First, there’s whether the law can be challenged in the first place, which is a major point of contention.
It’s so contentious, apparently, that the matter is now set to be decided by the state supreme court.
The Ohio Supreme Court has agreed to hear an appeal over whether gun-rights groups have the ability to challenge Columbus’ ban on bump stocks.
If the court rules that Buckeye Firearms and Ohioans for Concealed Carry have standing to sue, it could open the door to other activist groups challenging local ordinances on a variety of topics.
Columbus passed its ban on bump stocks, which allow semiautomatic weapons to fire as fast as fully automatic weapons, in 2018, after a man used the device to shoot 58 people to death at a Las Vegas concert the previous year.
A Franklin County judge initially found Columbus’ ban to be unconstitutional, but a state appeals court overturned that ruling earlier this year on the grounds that the non-profit groups didn’t show that they suffered a legal injury from the ordinance, nor proved they were a “taxpayer” with legal grounds to challenge the measure.
Gary Witt, a gun-rights activist, was allowed by the appeals court to remain a plaintiff in the suit.
Honestly, the idea of standing in an instance like this annoys the hell out of me. We’re talking about whether a law is constitutional or not.
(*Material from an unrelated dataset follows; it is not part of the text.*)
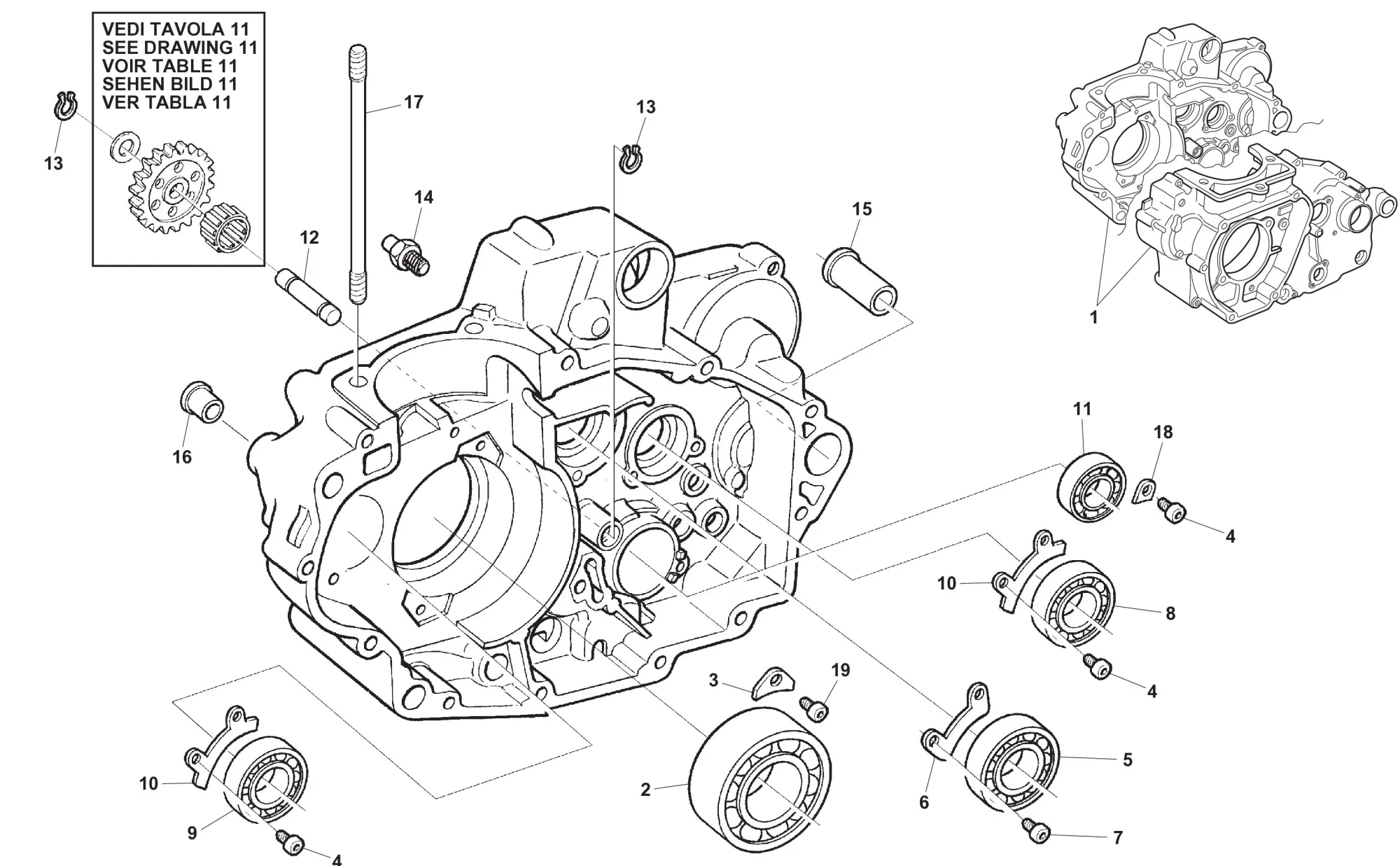 Motorgehäuse rechts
What does it matter if the person filing the suit is a taxpayer or a private entity made up of taxpayers or whether they suffered legal injury? The fact of the matter is that if the law is wrong, it’s wrong.
Unfortunately, that’s how the world probably should work, not how it does work. We don’t live in a perfect world, we live in this one and so we need to adjust accordingly.
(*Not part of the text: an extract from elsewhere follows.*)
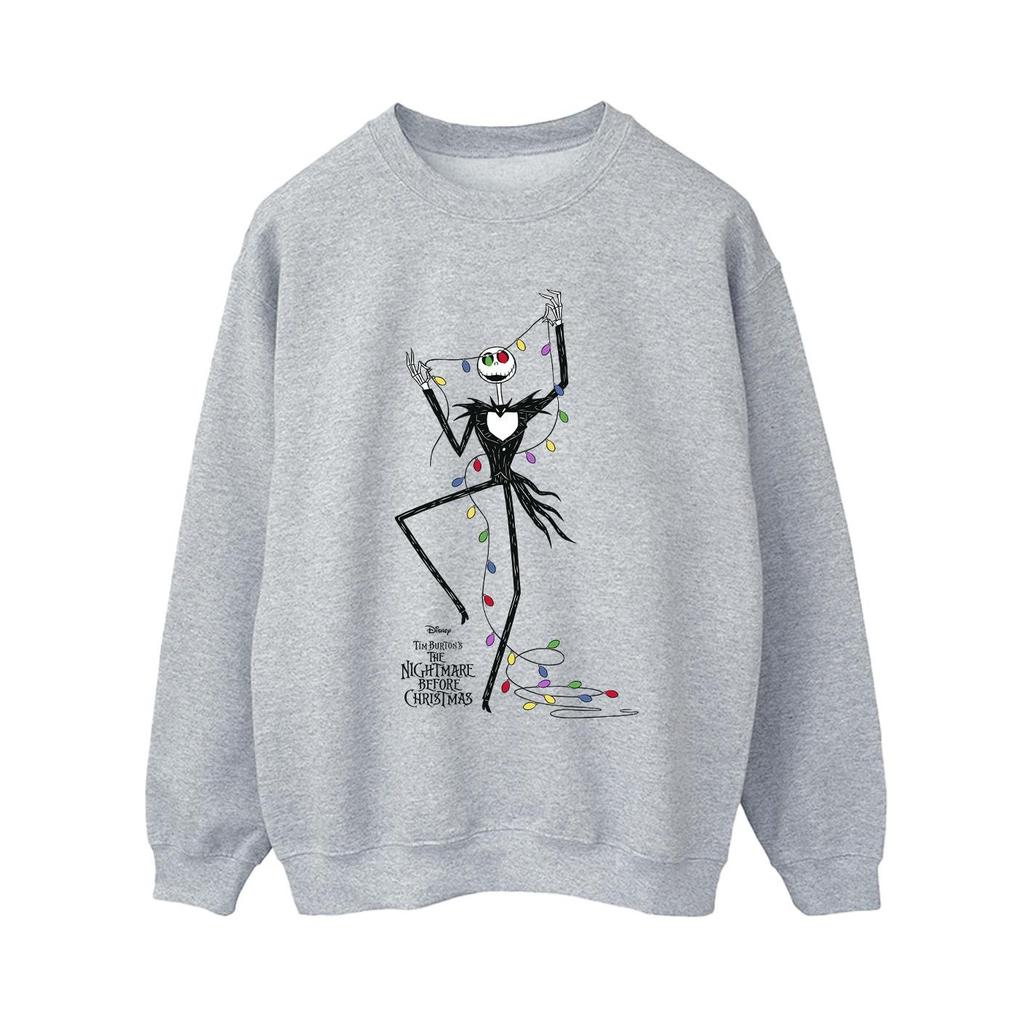 The Nightmare Before Christmas Womens/Ladies Lights Sweatshirt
My hope, though, is that the court will rule these groups have standing and will allow the suit to proceed. Ohio is a preemption state and what Columbus did is clearly a case of a city passing their own gun control ordinance. That’s illegal under state law and the lawsuit needs to proceed to overturn that. Failing to do so could undermine the preemption law completely, not just in Ohio but throughout the nation to some degree.
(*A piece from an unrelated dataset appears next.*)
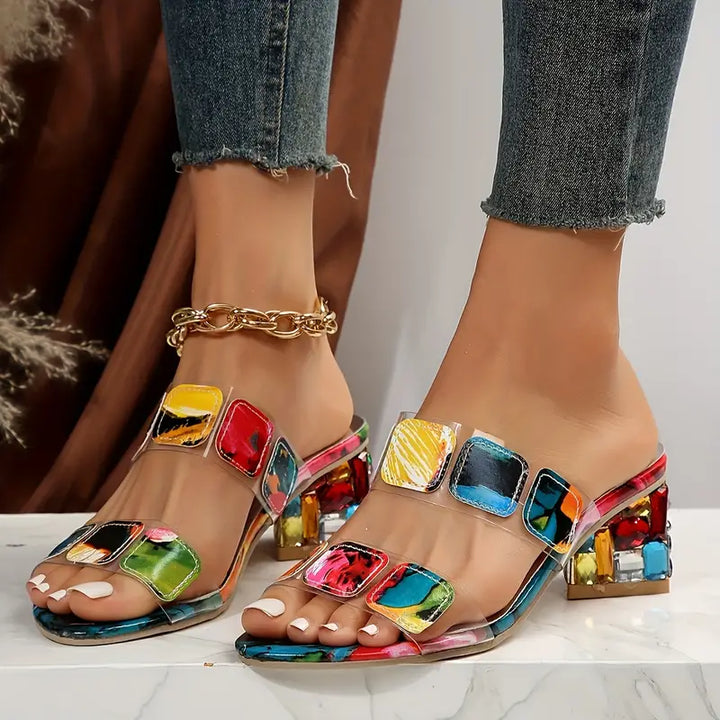 Galilea | Bunte Sandalen mit doppelten Riemen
Of course, Columbus isn’t the only community in the country to ignore state law. Most famously, perhaps, is Pittsburgh and Mayor Bill Peduto’s shenanigans following the Tree of Life shooting. There, Peduto seized on the incident to grandstand and pass an assault weapon ban despite Pennsylvania’s preemption law.
Columbus did it first, though, and now it’s time for them to get the proverbial smackdown over it.
Let’s hope the court rules in a way that lets that happen.